Open testingsw1 opened 2 years ago
This feature makes sense. However, "Editing the OCR text" steps over the feet of versioning concept. Say you have a document X.pdf which you OCRed. Thus you have the version 0 (original) and version 1 with OCRed (of poor quality i.e. some words were not detected properly) text. If you decide to edit the OCRed text, then some of the later OCRing will discard your text "corrections". If you choose to "manually (re-)run OCR", the newer version (version 3, created when you clicked "run OCR") will have again "bad quality OCR with missing keywords". Similarly, if you choose to rotate one page within the document, the entire document will be OCRed which will result in newer version (version 3) without corrected text.
On the other hand moving pages around, deleting pages, reordering pages, merge documents will increase documents version but will preserve corrected text.

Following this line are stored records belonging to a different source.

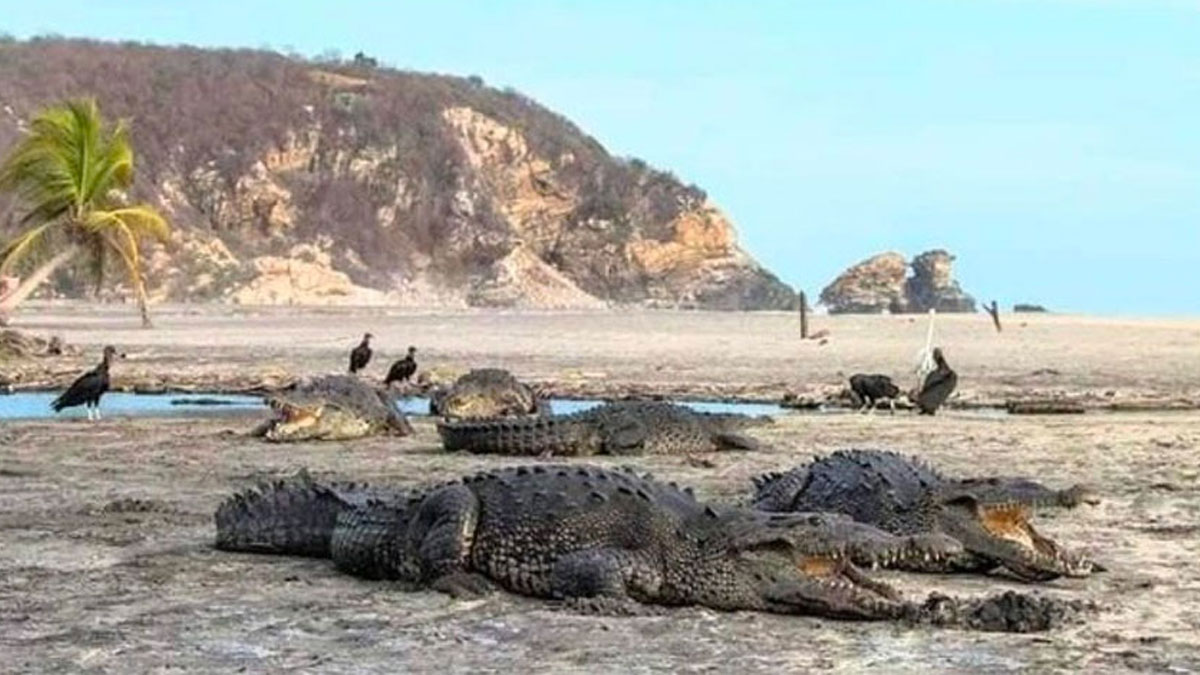 Meksika'da timsahlar, kapatılan plajı istila etti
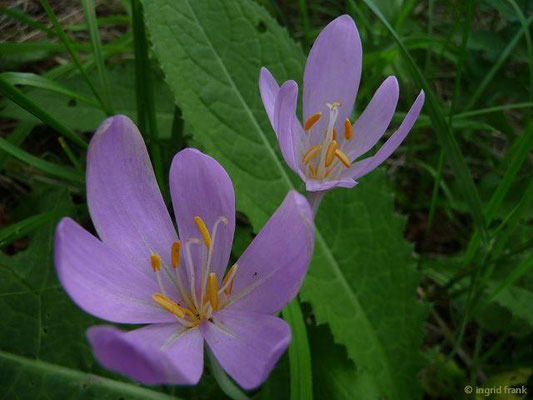 Colchicum autumnale / Herbst-Zeitlose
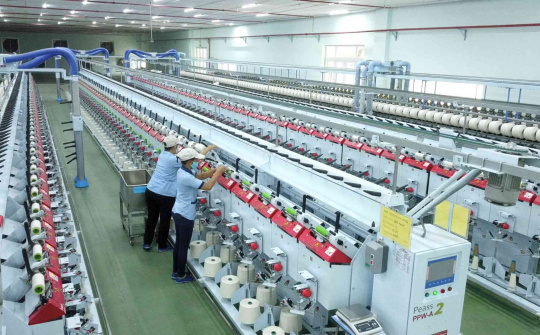 Kim ngạch xuất khẩu tăng nhanh, sợi polyester Việt Nam bị cáo buộc bán phá giá tại Thổ Nhĩ Kỳ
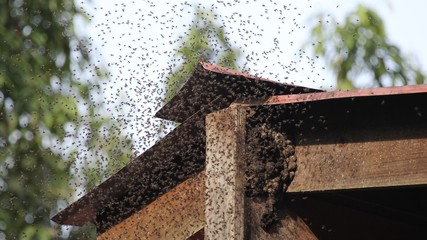 bees swarming a beehive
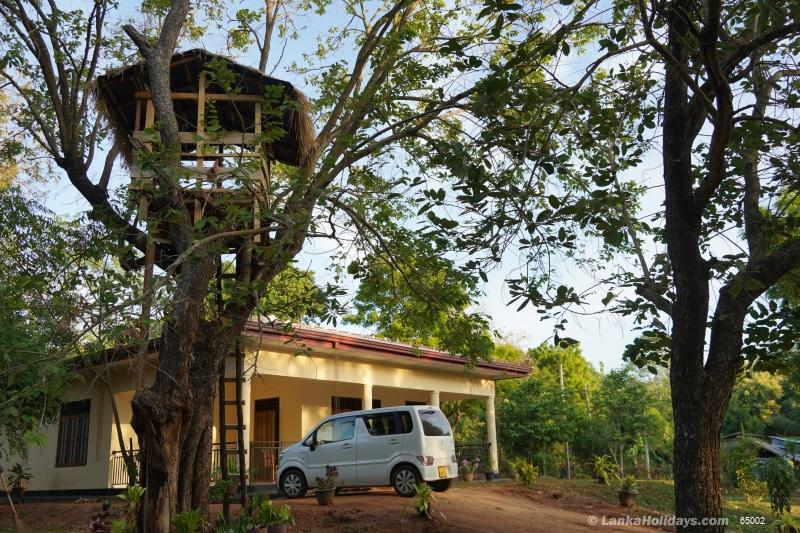 Tree house on the compound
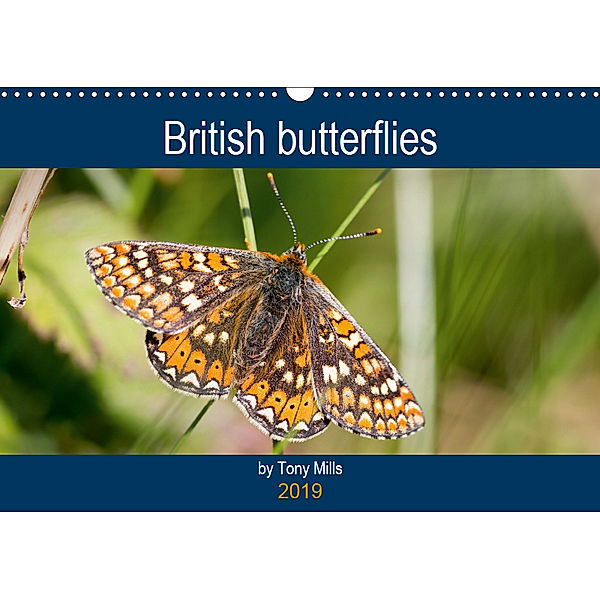 British Butterflies by Tony Mills (Wall Calendar 2019 DIN A3 Landscape), Tony Mills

@testingsw1 If above described trade off sounds ok for you, then I am perfectly fine going forward and implementing this feature.
Thank you! Of course I will be fine with this. I think most of us are having these documents as archives and there is not a lot of versioning. This feature will really help! I have scanner with Abbyy software that does great job on some documents - with this feature I can easily replace wrong text in papermerge (just copy correct text from Abbyy). Can't wait for new version! Thank you again!
Ps. Is is possible to delete not needed versions via console? I can get to correct document via manage.py shell --> Document.objects.get(id=XX), but I am not sure how to get (and delete) specific version.
Ps. Is is possible to delete not needed versions via console? I can get to correct document via manage.py shell --> Document.objects.get(id=XX), but I am not sure how to get (and delete) specific version.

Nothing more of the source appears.